Market Diner Bash Group Portrait, 5-14-72. Photo © copyright by Neal Slavin.

Market Diner Bash Group Portrait, 5-14-72. Photo © copyright by Neal Slavin.

I’ve had that picture on my office wall ever since, so I’m reminded frequently of Maggie and Theo and Ben and the others there that night, some of them now gone. I’d call us all bohemians in spirit, and true bohemians to boot, certainly one of the last cohorts of New Yorkers who’d learned to live la vie bohême on a bohemian income.

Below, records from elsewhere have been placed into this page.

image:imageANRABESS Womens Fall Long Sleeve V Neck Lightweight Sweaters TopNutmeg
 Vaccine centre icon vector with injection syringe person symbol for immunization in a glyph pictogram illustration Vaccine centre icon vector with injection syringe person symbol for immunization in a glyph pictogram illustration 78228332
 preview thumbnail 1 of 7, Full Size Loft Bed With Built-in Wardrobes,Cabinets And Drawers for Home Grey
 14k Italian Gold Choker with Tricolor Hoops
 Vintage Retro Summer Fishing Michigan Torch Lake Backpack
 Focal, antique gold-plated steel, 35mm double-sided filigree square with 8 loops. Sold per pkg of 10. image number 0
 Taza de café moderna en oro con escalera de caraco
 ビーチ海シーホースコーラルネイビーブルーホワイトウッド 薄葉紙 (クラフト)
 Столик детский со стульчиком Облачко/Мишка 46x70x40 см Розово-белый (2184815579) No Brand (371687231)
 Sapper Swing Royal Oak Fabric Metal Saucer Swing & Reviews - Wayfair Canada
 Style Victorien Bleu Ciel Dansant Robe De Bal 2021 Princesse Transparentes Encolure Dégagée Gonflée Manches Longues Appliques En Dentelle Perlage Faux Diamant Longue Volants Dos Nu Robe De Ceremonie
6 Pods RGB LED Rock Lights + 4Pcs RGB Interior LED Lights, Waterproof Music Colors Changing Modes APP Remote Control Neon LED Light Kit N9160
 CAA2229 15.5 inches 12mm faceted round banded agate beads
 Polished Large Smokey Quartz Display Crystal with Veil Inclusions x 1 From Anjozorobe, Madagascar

A good thing, too, because we were all devotees of a not yet legitimized medium that offered scant reward of any kind (including financial) to most of its advocates and practitioners. . . .

— A. D. Coleman
Floating Foundation of Photography exhibition catalogue, 2009, cover.

Floating Foundation of Photography exhibition catalogue, 2009, cover.

(Under the title “Moored and Adrift: Maggie Sherwood and the Floating Foundation of Photography,” the essay from which I’ve excerpted this passage first appeared in the catalogue for an exhibition held at the Samuel Dorsky Museum at the State University of New York-New Paltz: “Taking a Different Tack: Maggie Sherwood and the Floating Foundation of Photography,” a show exploring the history of the FFP, a purple houseboat that graced the shoreline of Riverside Park in Manhattan for close to two decades, serving as an exhibition space for photography as well as a meeting place for people connected to the medium. This show, curated by beth E. Wilson, ran from January 24-April 8, 2009; it, and its accompanying catalogue, evoke a remarkable and much-neglected era in the medium’s history, of which the Market Diner Bash partook. — A.D.C.)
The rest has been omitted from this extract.